La municipalité de Sacré-Cœur, sur la Haute-Côte-Nord, se serre les coudes pour assurer sa survie en ciblant le ministre fédéral de l’Environnement. Lundi, deux coopératives de travailleurs liées à l’usine Boisaco ont mis en place une vingtaine de pancartes dans le cadre d’une campagne de sensibilisation. Sur celles-ci, on peut y lire : le village est à vendre. Une photo du ministre de l’Environnement, Steven Guilbeault, le désigne comme l’agent d’immeuble à contacter.

Ces panneaux ont pour mission d’attirer l’attention. Or, ils transmettent également une grande inquiétude bien présente, explique la présidente de la Coopérative des travailleurs forestiers de Sainte-Marguerite (COFOR), Vicky Savard.

« En 1984, nos travailleurs se sont tenus debout pour sauver leur scierie et ont fondé COFOR et UNISACO. 40 ans plus tard, nous sommes toujours debout et déterminés à conserver ce que nous avons bâti à la sueur de notre front », indique-t-elle.

Boisaco estime perdre plus de 50 % de ses possibilités forestières si le gouvernement fédéral adopte le décret proposé par le ministre. Une telle action menacerait 600 emplois sur la Haute-Côte-Nord.

« La campagne lancée, nous l’avons accueillie très favorablement. Les gens du milieu sont là et ils réalisent à quel point ça peut être catastrophique », indique le président de Boisaco, Steeve St-Gelais.

Rencontrée mercredi, la mairesse de Sacré-Coeur, Lise Boulianne, supporte également la récente initiative.
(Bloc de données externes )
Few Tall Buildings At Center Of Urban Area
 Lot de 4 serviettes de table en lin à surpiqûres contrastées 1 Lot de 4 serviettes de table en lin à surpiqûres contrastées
« C’est 70 % de notre population qui travaille à Boisaco », alerte-t-elle.

L’élue, qui dit travailler fort dans ce dossier, reconnaît l’importance de protéger le caribou forestier, mais invite le ministre Guilbeault à considérer l’aspect humain.

« Une population de 230 caribous versus une population de 1 800 habitants à Sacré-Cœur, où est le gros bon sens », insiste cette dernière

Sans réponse d’Ottawa

Mme Boulianne invite également le milieu politique à se déplacer à Sacré-Coeur afin de rassurer ses citoyens particulièrement préoccupés. À Boisaco, les appels et courriels pour une rencontre avec le ministre sont pour le moment demeurés sans réponse.

« Je dirais que ce n’est pas très encourageant. Après sept lettres ouvertes qui ont été envoyées au Premier ministre. Nous n’avons reçu aucun retour officiel et aucun message d’encouragement, vous comprendrez qu’on est très inquiet », mentionne le président de l’usine de sciage.

Le chef du Parti conservateur du Canada, Pierre Poilievre, s’est rendu lundi à Sacré-Coeur. La visite de l’élu a été bien accueillie. Il a accordé son soutien aux dirigeants et travailleurs.

Notons que l’entreprise de Sacré-Coeur a été invitée à témoigner à la Chambre des Communes lundi prochain dans le cadre des consultations toujours en cours. Elle ne compte pas baisser les bras et se battre jusqu’au bout pour le maintien de la coopérative.